**Exercise**. Copying task for the records below: reproduce each one exactly and drop the pictures.

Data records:
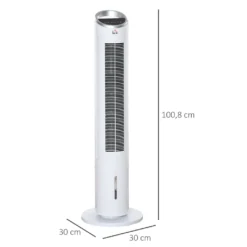 HOMCOM Luftkühler Mit Wasserkühlung Fernbedienung Turmventilator Standventilator Mit Luftbefeuchtung Klimagerät 8h Timer Nutzungsraum 20㎡ 60W ABS Weiß Ø30 X 100,8H Cm -Luft Wrame Haus Geschaft b52b2667f2b29f8149a3c4d78e1a0e24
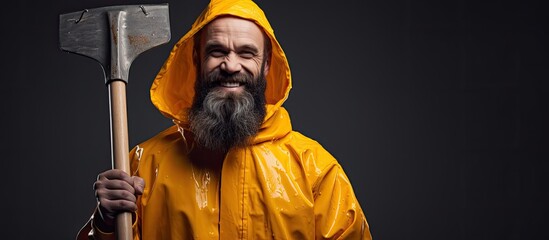 Obraz premium Man in bright raincoat holding big axe, like a lumberjack or fisherman.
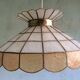 70s mother-of-pearl and brass pendant light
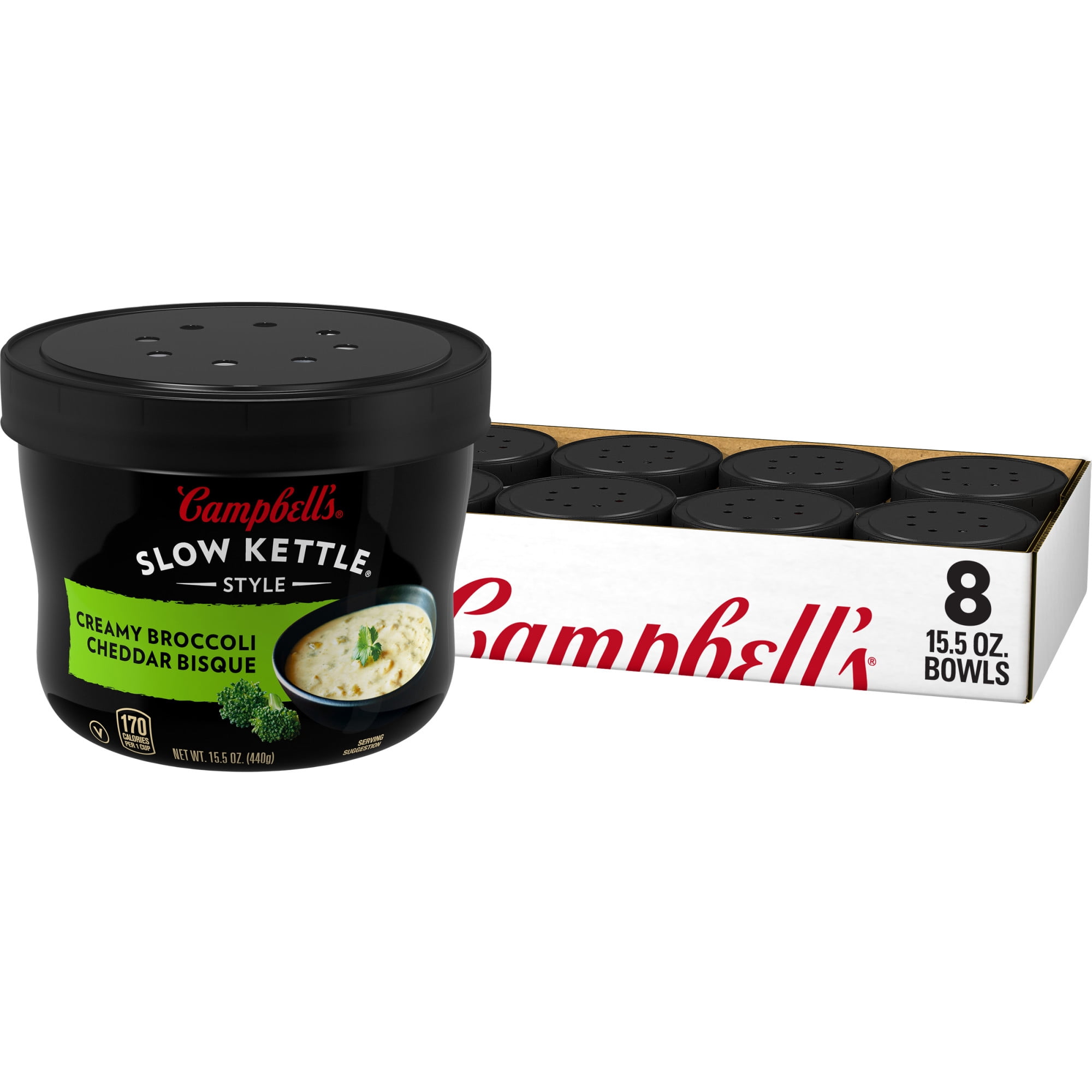 (8 pack) Campbell's Slow Kettle Style Creamy Broccoli Cheddar Bisque, 15.5 oz Microwavable Bowl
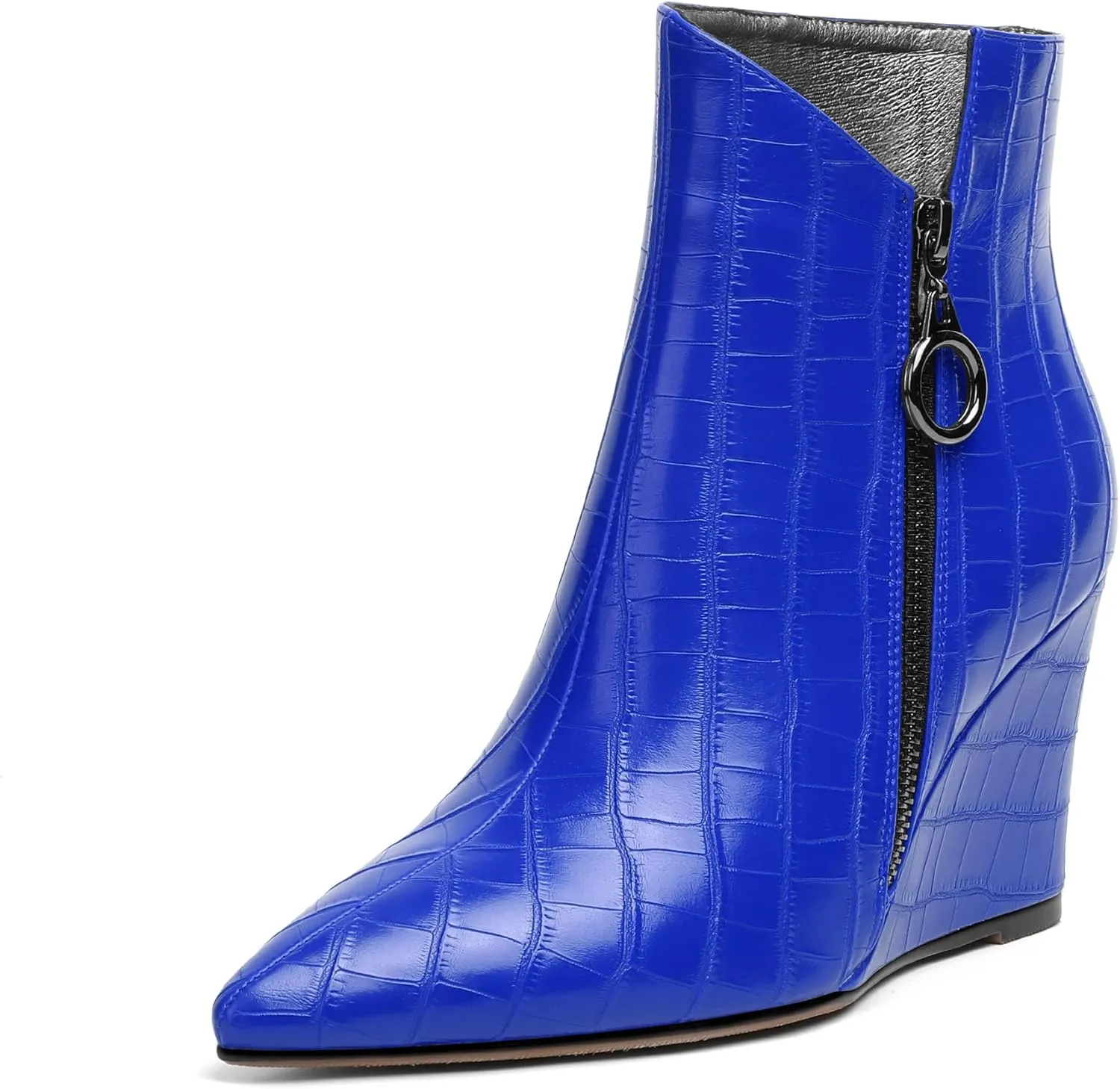 Eldof Wedge Heel Ankle Boots for Women with Zip Closure Pointed Toe Wedge Booties Party Dress Fashion Short Booties 3.5 Inch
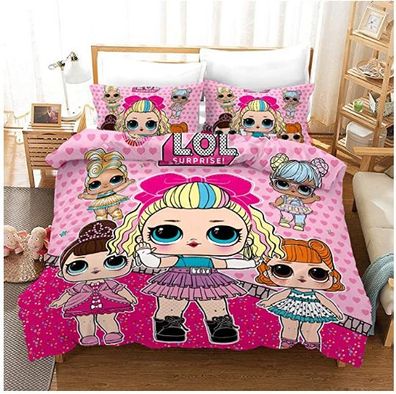3tlg. L.O.L. Surprise Cartoon Bettbezug Set Kinder Bettwäsche Kissenbezug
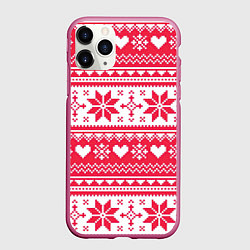 Чехол iPhone 11 Pro матовый Новогодний уют, цвет: 3D-малиновый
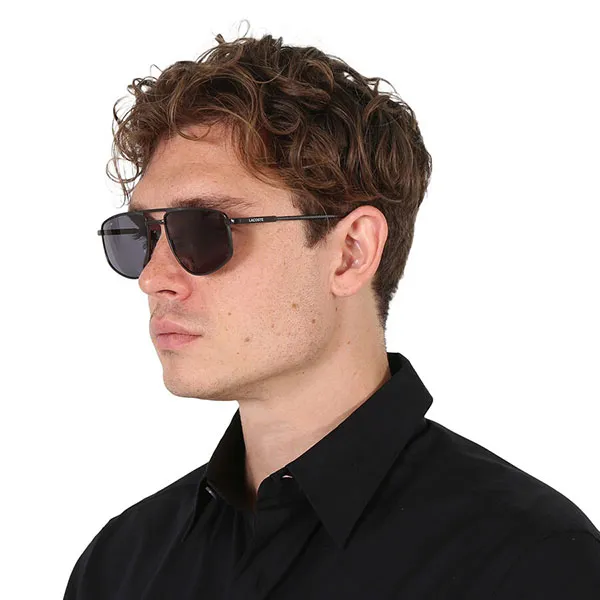 Kính Mát Nam Lacoste Grey Navigator Men's Sunglasses L254S 021 57 Màu Xám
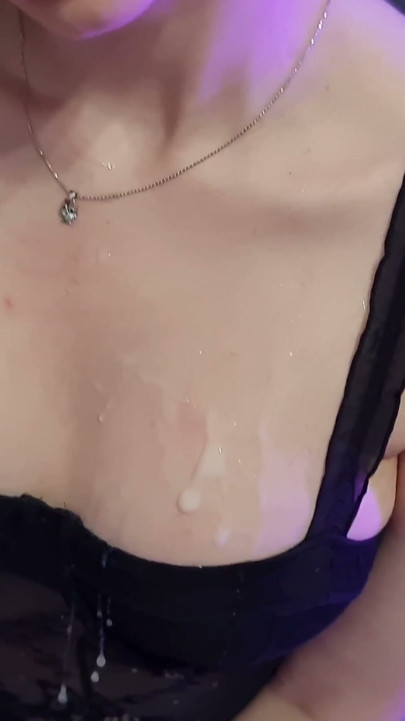 Hot Handjob And Cum On Tits! How long would you last? | Clip 2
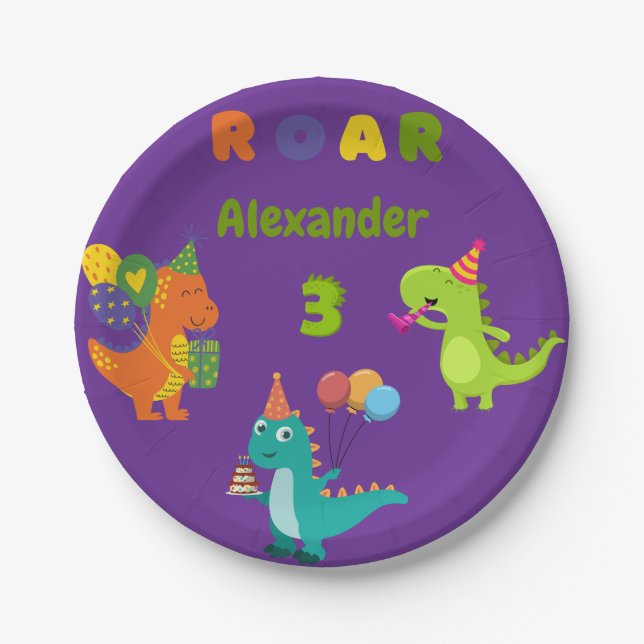 Assiettes En Carton Dino-tastic fête d'anniversaire de 3 ans (Devant)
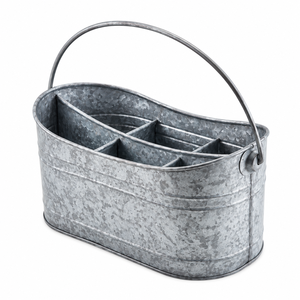 Porte-couverts en métal galvanisé texturé doré personnalisé avec poignée, organisateur multifonctionnel pour couverts et ustensiles - Product Image 5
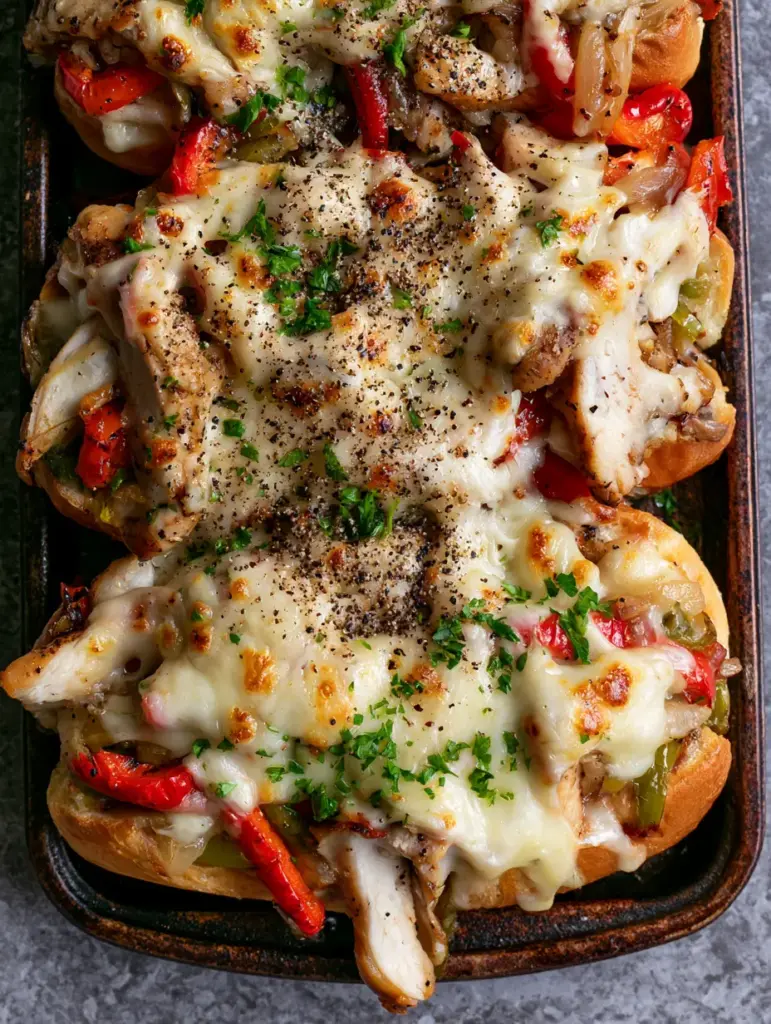 Chicken Philly Cheese Steaks with Blistered Peppers and Bubbly Provolone 2 Close-up of Chicken Philly Cheese Steaks with seared chicken breast, blistered peppers, and melted bubbly cheese with toasted spots. (Chicken Philly Cheese Steaks)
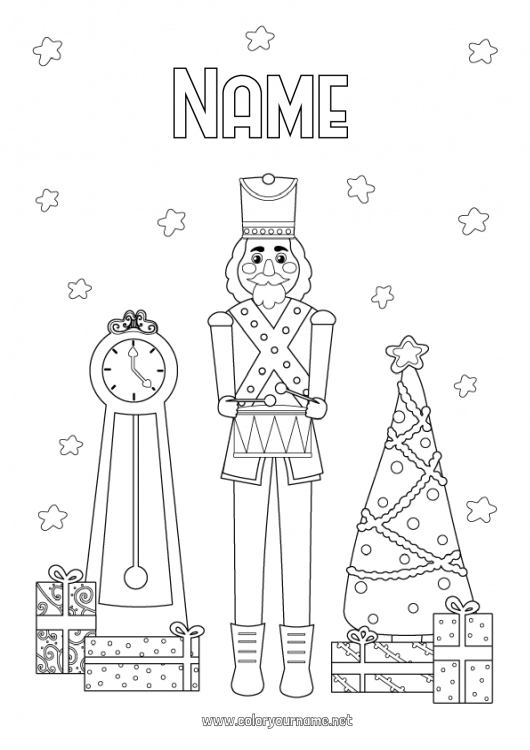 Coloring page to print Christmas tree Games and toys Nutcracker Clock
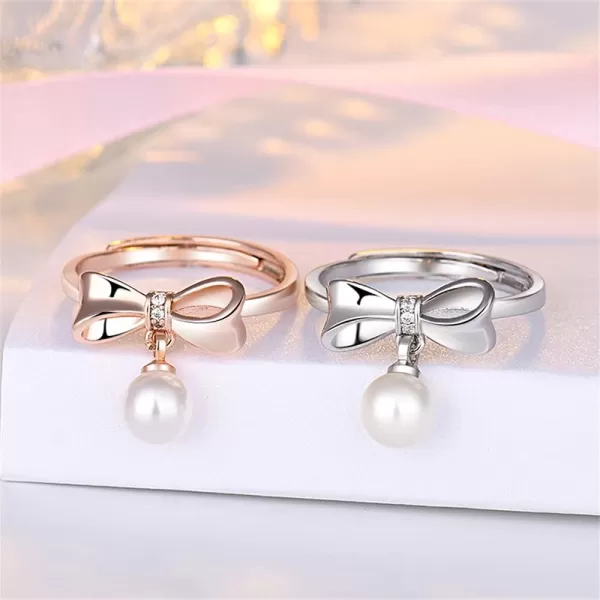 CZ Bow 14K Rose Gold Plated Engagement Promise Ring for Women Girls Butterfly Imitation 8mm Pearl Charm Drop Adjustable Open Band Finger Rings Comfort Fit Elegant Wedding Birthday Party GiftCZ Bow 14K Rose Gold Plated Engagement Promise Ring for Women Girls Butterfly Imitation 8mm Pearl Charm Drop Adjustable Open Band Finger Rings Comfort Fit Elegant Wedding Birthday Party Gift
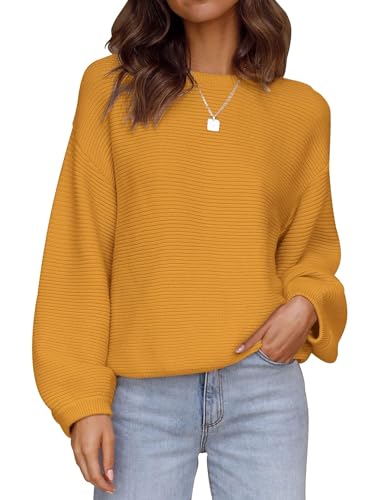 ZESICA Damen Rundhalsausschnitt Lange Laternenärmel Casual Lose Rippstrick Solid Weich Pullover Sweater Tops, ingwer, Groß von ZESICA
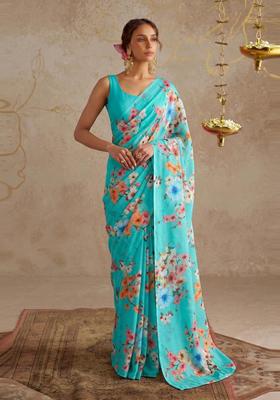 Sky Blue Floral Print Georgette Pre Draped Saree Set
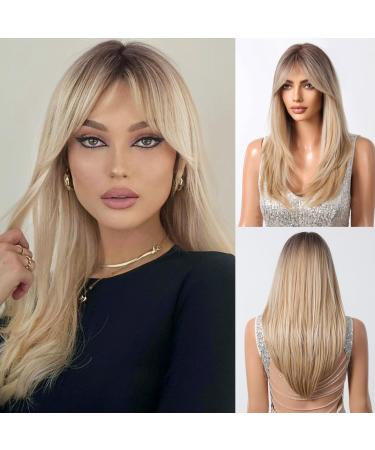 Allbell Ombre Blonde Wigs with Bangs Long Layers Syntehtic Wigs for Women Highlights Blonde Hair blond 259-1 - Buy Online on GoSupps.com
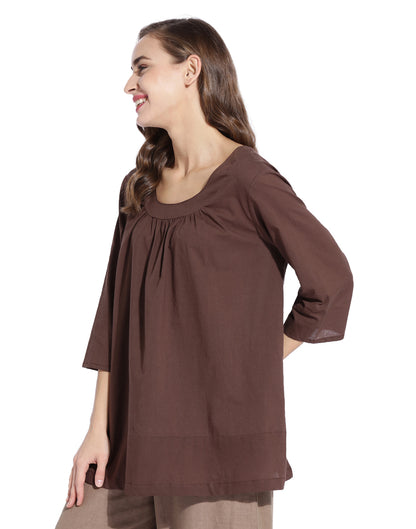 Brown Front Gather Top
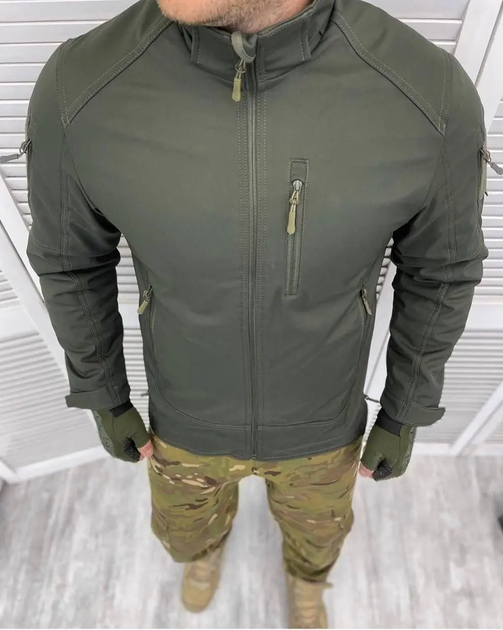 Армійська куртка Combat тканина soft-shell на флісі Оливковий XL (Kali) - зображення 1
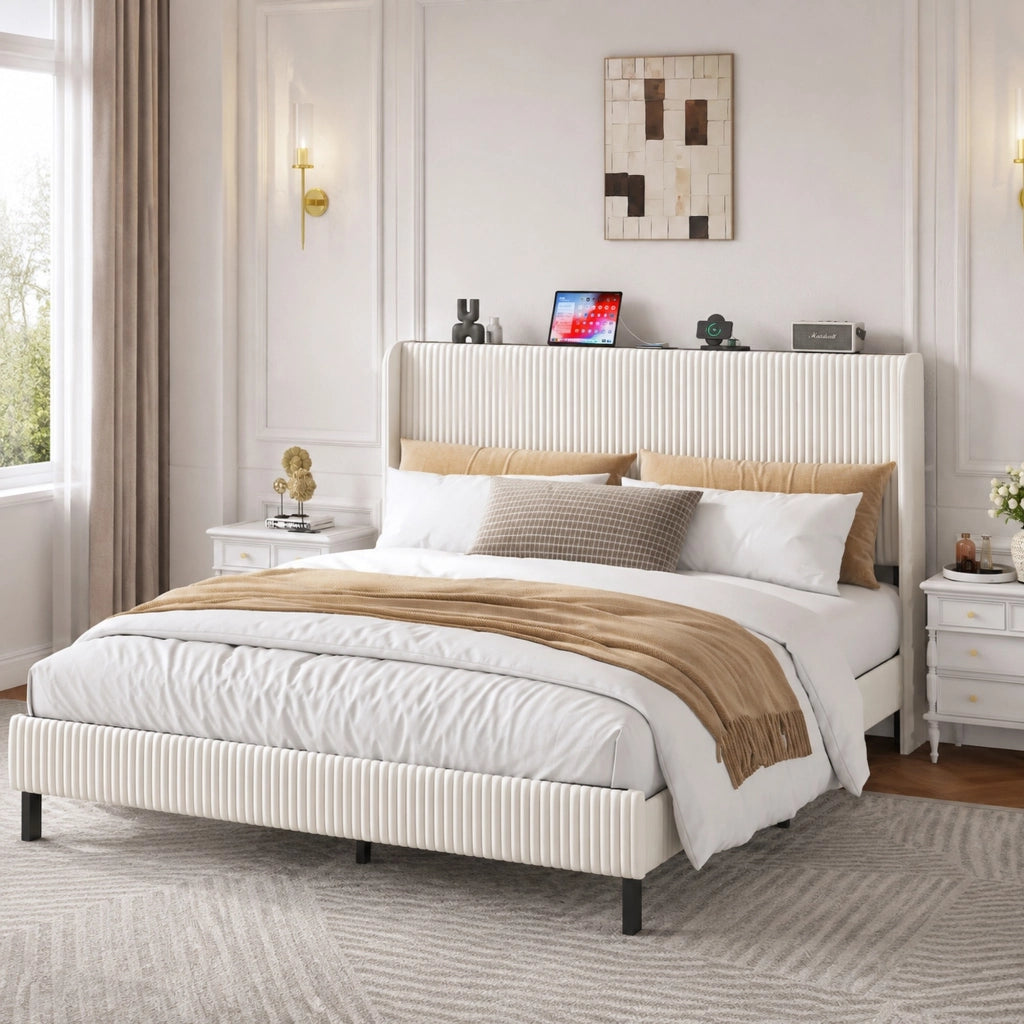 Letto matrimoniale 180x200 cm in velluto a coste beige e crema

**Exercise solution**.
 HOMCOM Luftkühler Mit Wasserkühlung Fernbedienung Turmventilator Standventilator Mit Luftbefeuchtung Klimagerät 8h Timer Nutzungsraum 20㎡ 60W ABS Weiß Ø30 X 100,8H Cm -Luft Wrame Haus Geschaft b52b2667f2b29f8149a3c4d78e1a0e24
 Obraz premium Man in bright raincoat holding big axe, like a lumberjack or fisherman.
 70s mother-of-pearl and brass pendant light
 (8 pack) Campbell's Slow Kettle Style Creamy Broccoli Cheddar Bisque, 15.5 oz Microwavable Bowl
 Eldof Wedge Heel Ankle Boots for Women with Zip Closure Pointed Toe Wedge Booties Party Dress Fashion Short Booties 3.5 Inch
3tlg. L.O.L. Surprise Cartoon Bettbezug Set Kinder Bettwäsche Kissenbezug
 Чехол iPhone 11 Pro матовый Новогодний уют, цвет: 3D-малиновый
 Kính Mát Nam Lacoste Grey Navigator Men's Sunglasses L254S 021 57 Màu Xám
 Hot Handjob And Cum On Tits! How long would you last? | Clip 2
 Assiettes En Carton Dino-tastic fête d'anniversaire de 3 ans (Devant)
 Porte-couverts en métal galvanisé texturé doré personnalisé avec poignée, organisateur multifonctionnel pour couverts et ustensiles - Product Image 5
 Chicken Philly Cheese Steaks with Blistered Peppers and Bubbly Provolone 2 Close-up of Chicken Philly Cheese Steaks with seared chicken breast, blistered peppers, and melted bubbly cheese with toasted spots. (Chicken Philly Cheese Steaks)
 Coloring page to print Christmas tree Games and toys Nutcracker Clock
 CZ Bow 14K Rose Gold Plated Engagement Promise Ring for Women Girls Butterfly Imitation 8mm Pearl Charm Drop Adjustable Open Band Finger Rings Comfort Fit Elegant Wedding Birthday Party GiftCZ Bow 14K Rose Gold Plated Engagement Promise Ring for Women Girls Butterfly Imitation 8mm Pearl Charm Drop Adjustable Open Band Finger Rings Comfort Fit Elegant Wedding Birthday Party Gift
 ZESICA Damen Rundhalsausschnitt Lange Laternenärmel Casual Lose Rippstrick Solid Weich Pullover Sweater Tops, ingwer, Groß von ZESICA
 Sky Blue Floral Print Georgette Pre Draped Saree Set
 Allbell Ombre Blonde Wigs with Bangs Long Layers Syntehtic Wigs for Women Highlights Blonde Hair blond 259-1 - Buy Online on GoSupps.com
 Brown Front Gather Top
 Армійська куртка Combat тканина soft-shell на флісі Оливковий XL (Kali) - зображення 1
 Letto matrimoniale 180x200 cm in velluto a coste beige e crema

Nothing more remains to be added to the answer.